You can see that the boostrap distribution is right skewed. The resulting percentile-based confidence interval for \({ \beta }_{ 1 }\) is (-70728.25, 38809.11) which also contains 0 similar to the confidence interval in theory-based (-95574.54, 35346.2).

Hypothesis Test for Slope

Lets conduct hypothesis test of \({ H }_{ 0 } : { \beta }_{ 1 } = 0\) vs \({ H }_{ A } : { \beta }_{ 1 } \neq 0\) using null distribution by assuming the null hypothesisis true and permutation test.

## Crime vs Real GDP

set.seed(678)

# Construct null distribution of the fitted slope b1 by permutating the values of GDPBillions across the values of TotalCrime 1000 times and then calculate the slope coefficient for each of these 1000 generated samples.
nulldist.slope.gdp <- nationrate %>% 
  specify(x=nationrate, formula=TotalCrime~GDPBillions) %>%
  hypothesize(null = "independence") %>% 
  generate(reps = 1000, type = "permute") %>% 
  calculate(stat = "slope")

# Visualize the resulting null distribution for the fitted slope b1.
visualize(nulldist.slope.gdp)

# Observed fitted slope b1.
obs.slope.gdp <- summary(crimepredict.lm.gdp)$coefficients[2, 1]

# Visualize the p-value in the null distribution by comparing to the observed test statistic of slope b1.
visualize(nulldist.slope.gdp) + 
  shade_p_value(obs_stat = obs.slope.gdp, direction = "both")

# Compute the numerical value of p-value.
nulldist.slope.gdp %>% 
  get_p_value(obs_stat = obs.slope.gdp, direction = "both")
## # A tibble: 1 x 1
##   p_value
##     <dbl>
## 1       0

From the simulation-based null distribution with the observed test statistic of slope b1, you notice that the observed fitted slope of -93.87308 falls far to the left of the null distribution. The shaded region does not overlap it and thus the p-value is 0 as computed in above.

This result matches with the theory-based result where p-value = 3.4e-13 \(\approx\) 0. Therefore, we can reject the null hypothesis \({ H }_{ 0 } : { \beta }_{ 1 } = 0\) and in favor of the alternative hypothesis \({ H }_{ A } : { \beta }_{ 1 } \neq 0\). This suggests that there is a significant relationship between violent crime rate and real GDP.

## Crime vs Unemployment

set.seed(910)

# Construct null distribution of the fitted slope b1 by permutating the values of UnemploymentRate across the values of TotalCrime 1000 times and then calculate the slope coefficient for each of these 1000 generated samples.
nulldist.slope.emp <- nationrate %>% 
  specify(x=nationrate, formula=TotalCrime~UnemploymentRate) %>%
  hypothesize(null = "independence") %>% 
  generate(reps = 1000, type = "permute") %>% 
  calculate(stat = "slope")

# Visualize the resulting null distribution for the fitted slope b1.
visualize(nulldist.slope.emp)

# Observed fitted slope b1.
obs.slope.emp <- summary(crimepredict.lm.emp)$coefficients[2, 1]

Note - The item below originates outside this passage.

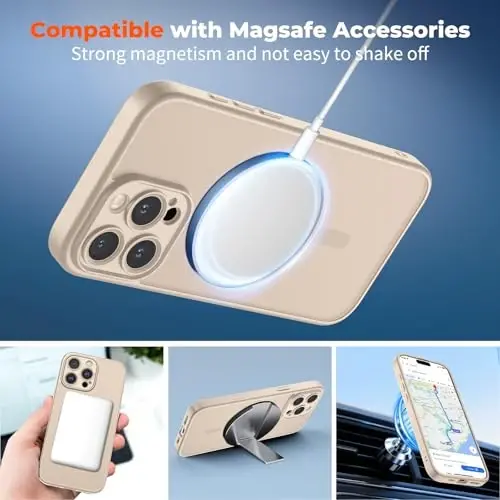 zapica Magnetic for iPhone 16 Pro Max Case, Sand Gold | Upgraded Camera Control Button, Full Camera Protection, with Screen Protector, Translucent Matte Shockproof Phone Cover - 3
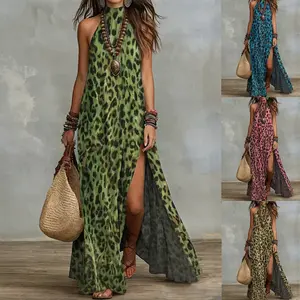 Women's Printed Scarf-Style Maxi Dress – Sleeveless, Split, Loose Boho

# Visualize the p-value in the null distribution by comparing to the observed test statistic of b1.
visualize(nulldist.slope.emp) + 
  shade_p_value(obs_stat = obs.slope.emp, direction = "both")

# Compute the numerical value of p-value.
nulldist.slope.emp %>% 
  get_p_value(obs_stat = obs.slope.emp, direction = "both")
## # A tibble: 1 x 1
##   p_value
##     <dbl>
## 1   0.356

From the simulation-based null distribution with the observed test statistic of slope b1, you notice that the observed fitted slope of -30114.17 overlaps with the null distribution and thus the p-value of 0.356 is greater than the significant level of 0.05.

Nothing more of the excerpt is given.